Reportase.today Situbondo, Jum’at 19 September 2025 – Aktivis senior Situbondo, Amirul Mustafa, kembali meluapkan kritik tajam terhadap sejumlah gebrakan Bupati Situbondo yang dinilainya tidak terarah dan cenderung serampangan. Sorotan utama Amir kali ini tertuju pada pembentukan Satuan Tugas (Satgas) Anti Premanisme yang baru saja diluncurkan oleh Bupati pada awal September lalu.

Menurut Amir, sejumlah kebijakan yang dikeluarkan Bupati akhir-akhir ini tidak menunjukkan hasil yang signifikan, mulai dari rendahnya daya serap Anggaran Pendapatan dan Belanja Daerah (APBD), program peningkatan Usaha Mikro Kecil dan Menengah (UMKM) yang minim progres, hingga kejanggalan dalam perpanjangan Surat Keputusan (SK) Pelaksana Tugas (PLT) beberapa pejabat daerah. Namun, yang paling menggelitik, kata Amir, adalah pembentukan Satgas Anti Premanisme yang dianggap prematur dan tidak memiliki dasar hukum yang jelas.
“Bagaimana tidak lucu? Satgas yang katanya untuk memberantas premanisme ini justru melibatkan sejumlah sipil, bahkan ada yang aktif di LSM, dan anehnya malah dijadikan Ketua Satgas. Ini kan seperti dagelan,” tegas Amirul Mustafa, dengan nada sinis.
Berdasarkan SK Bupati Situbondo Nomor 100.3.3.2/18431.013/2025 tertanggal 8 September 2025, Satgas tersebut dibentuk dengan nama Satgas Terpadu Penanganan dan Pembinaan Organisasi Kemasyarakatan Terafiliasi Kegiatan Premanisme. Tujuannya, menjaga stabilitas keamanan, ketertiban masyarakat, sekaligus mendukung iklim investasi di Situbondo.

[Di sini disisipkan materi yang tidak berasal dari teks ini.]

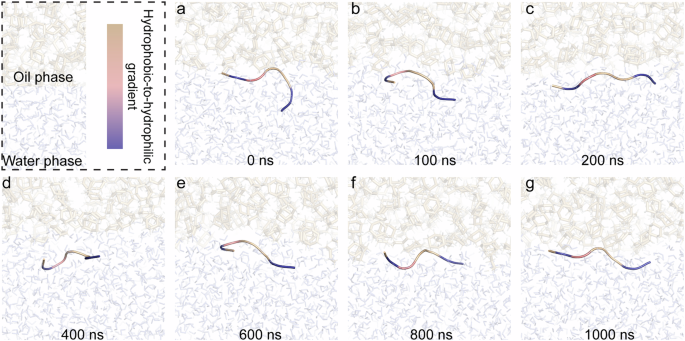 Fig. 4: Molecular dynamics simulation of HK structures at Oil/Water interface for 1000 ns at pH 7.5.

Namun publik justru mempertanyakan urgensi pembentukan Satgas tersebut. Pasalnya, hingga saat ini tidak ada organisasi kemasyarakatan di Situbondo yang terindikasi terafiliasi dengan praktik premanisme. Lebih jauh, konsep kerja, kinerja, hingga fokus penanganan Satgas ini pun masih kabur.

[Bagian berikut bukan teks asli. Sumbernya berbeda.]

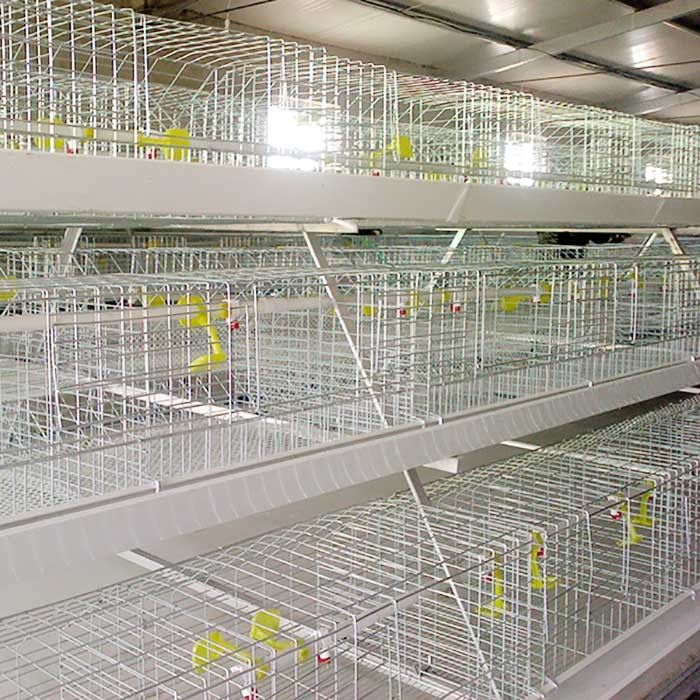 gabbia del pollo del metallo 0.75kw, gabbie a pile automatizzate di controllo per pollame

Amir menegaskan, keterlibatan sipil dalam struktur Satgas jelas menyalahi aturan. Ia merujuk pada Keputusan Menko Polhukam RI Nomor 61 Tahun 2025 tentang Pedoman Pembentukan Satgas Terpadu Penanganan dan Pembinaan Organisasi Kemasyarakatan Terafiliasi Kegiatan Premanisme. “Satgas ini boleh dibentuk, tapi harus diisi pejabat pemerintah atau aparat negara yang memiliki kewenangan struktural, legitimasi hukum, serta akuntabilitas publik. Kalau di pusat saja dijabat Kabareskrim, di daerah minimal harus Kasat Reskrim. Kalau sipil yang ditunjuk, jelas melampaui kewenangan dan berpotensi menimbulkan maladministrasi,” ujarnya.

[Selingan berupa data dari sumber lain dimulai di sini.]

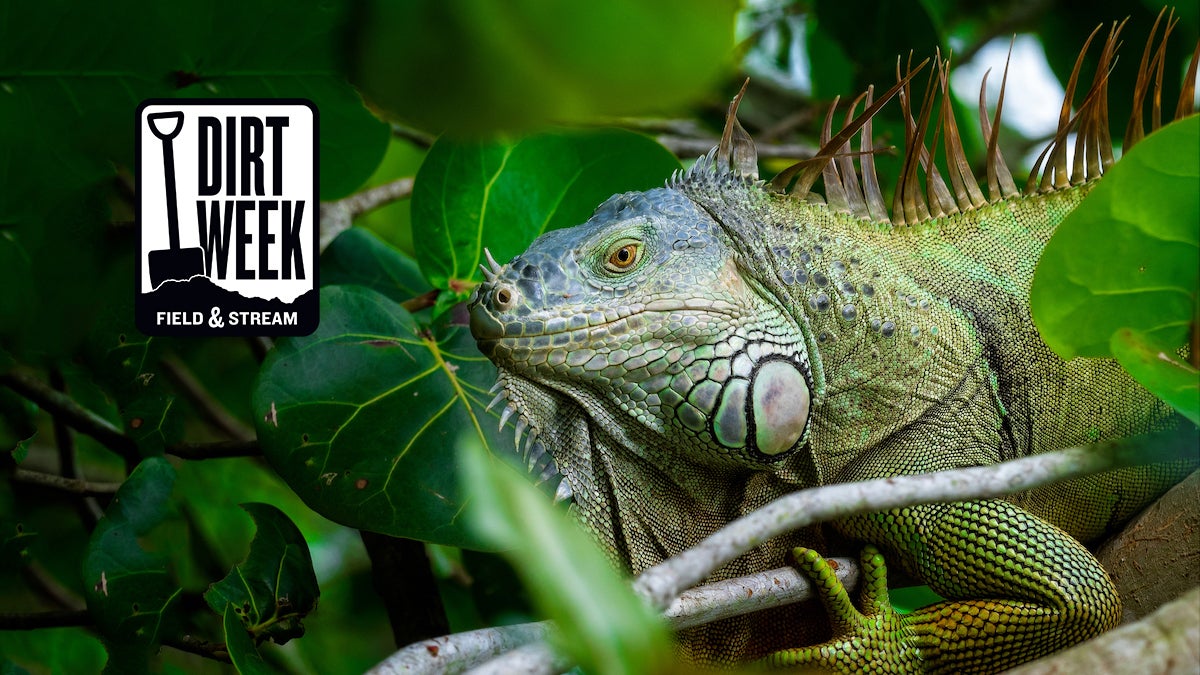 Green iguana on a branch.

Lebih jauh, Amir menilai kebijakan ini cacat secara prosedural maupun yuridis formil. Menurutnya, keputusan Bupati tidak sesuai dengan asas legalitas serta bertentangan dengan hierarki peraturan perundang-undangan sebagaimana dimaksud Pasal 8 ayat (2) UU Nomor 12 Tahun 2011 tentang Pembentukan Peraturan Perundang-undangan.
Atas dasar itu, hari ini Amir menyatakan telah melayangkan surat resmi kepada Bupati Situbondo untuk menyampaikan keberatan administratif atas SK pembentukan Satgas tersebut. Ia mendesak agar SK segera dicabut dan disusun ulang sesuai pedoman hukum yang berlaku.

“Harapan saya, Bupati segera mengkaji ulang keputusan ini. Jangan sampai kebijakan yang dibuat justru melahirkan ketidakpastian hukum, menabrak aturan, dan mengabaikan prinsip transparansi serta akuntabilitas. Setiap kebijakan pemerintah harus berpijak pada dasar hukum yang jelas, bukan sekadar gebrakan yang mengundang tawa publik,”
Jika surat Pernyataan Keberatan ini tidak di indahkan oleh Bupati Maka Rencananya Saya Amirul Mustafa Akan Melayangkan Gugatan ke PTUN. Karena Penyampaian Surat ini Sebagai syarat untuk mengajukan gugatan Ke PTUN, biar Putusan Pengadilan Tata Usaha negara ini yang memutuskan Ke absahan SK tersebut sah secara hukum atau tidak.pungkas Amir.